Does teaching an omnibus mand preclude the development of specifying mands?

Ward et al. (2021) · Journal of Applied Behavior Analysis 2021
★ The Verdict

Teach one general mand first; it stops problem behavior and still lets kids learn specific words later.

✓ Read this if BCBAs running early mand programs in clinic or home ABA sessions.
✗ Skip if Clinicians whose clients already have 50+ specific mands and low problem behavior.

01Research in Context

01

What this study did

Three preschoolers with autism were taught to say, “My way, please” when they wanted something.

The team first used this one-size-fits-all mand to stop problem behavior. Later they taught specific mands like “truck, please” and “cracker, please.”

Each child had six 10-minute play sessions per day. The researchers tracked how often the child used the mand and how often problem behavior happened.

02

What they found

All three kids learned the omnibus mand in 1–3 days. Problem behavior dropped to zero right away.

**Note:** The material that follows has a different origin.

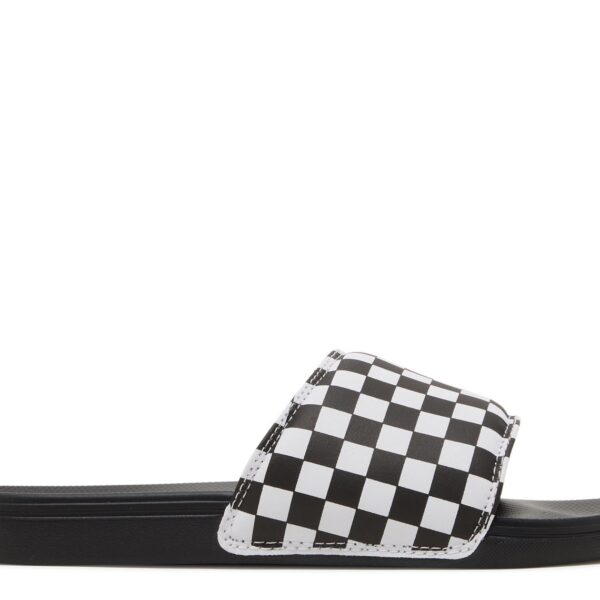 La Costa Slide-On 'Black Checkerboard'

When the team later taught specific mands, every child learned those too. The earlier omnibus mand did not block new, precise words.

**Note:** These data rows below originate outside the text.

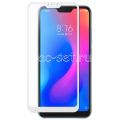 Защитное стекло для Xiaomi Redmi 6 Pro [на весь экран] (белое)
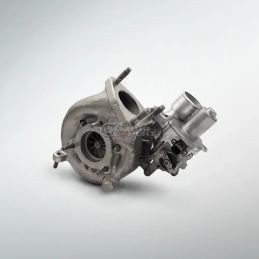 Turbo Toyota Land Cruiser 3.0D-4D 173PS/190PS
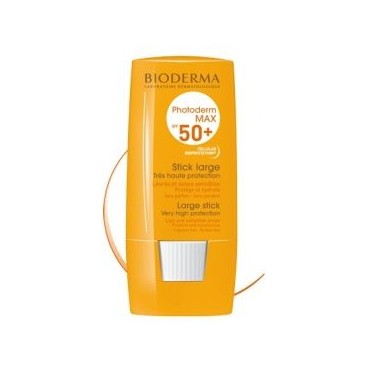 Bioderma Photoderm Max SPF50+ Stick Lèvres Zones Sensibles 8 Grammes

In fact, kids used the new specific mands more than the old general one once they were taught.

03

How this fits with other research

Zhang et al. (2023) showed that warm, positive parenting helps children with autism act more prosocial. Ward’s study adds that giving the child a quick, easy way to ask also helps the moment go smoothly.

Higgins et al. (2021) warned that stressed parents may over-rate problem behavior. Ward’s data give you a fast tool—an omnibus mand—to drop that behavior before you even ask parents to score it.

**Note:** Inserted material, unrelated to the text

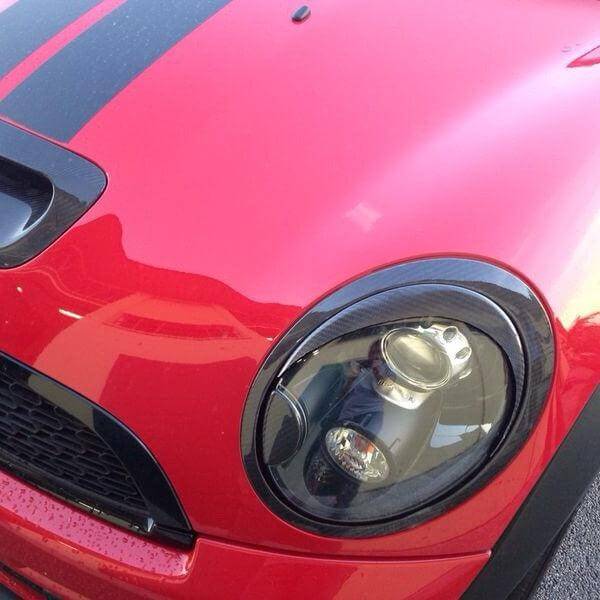 Bad Look in Carbon Fiber - MINI R55 / R56 / R57 / R58 / R59 - RSI c6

None of the neighbor papers tested mand training, so Ward’s finding is new: start broad, then go specific without fear of blocking later words.

04

Why it matters

You can teach “My way, please” on Monday and stop most hitting or crying by Wednesday. Later, add exact words like “train” or “juice” without re-building problem behavior. This two-step plan saves session time and keeps parents happy.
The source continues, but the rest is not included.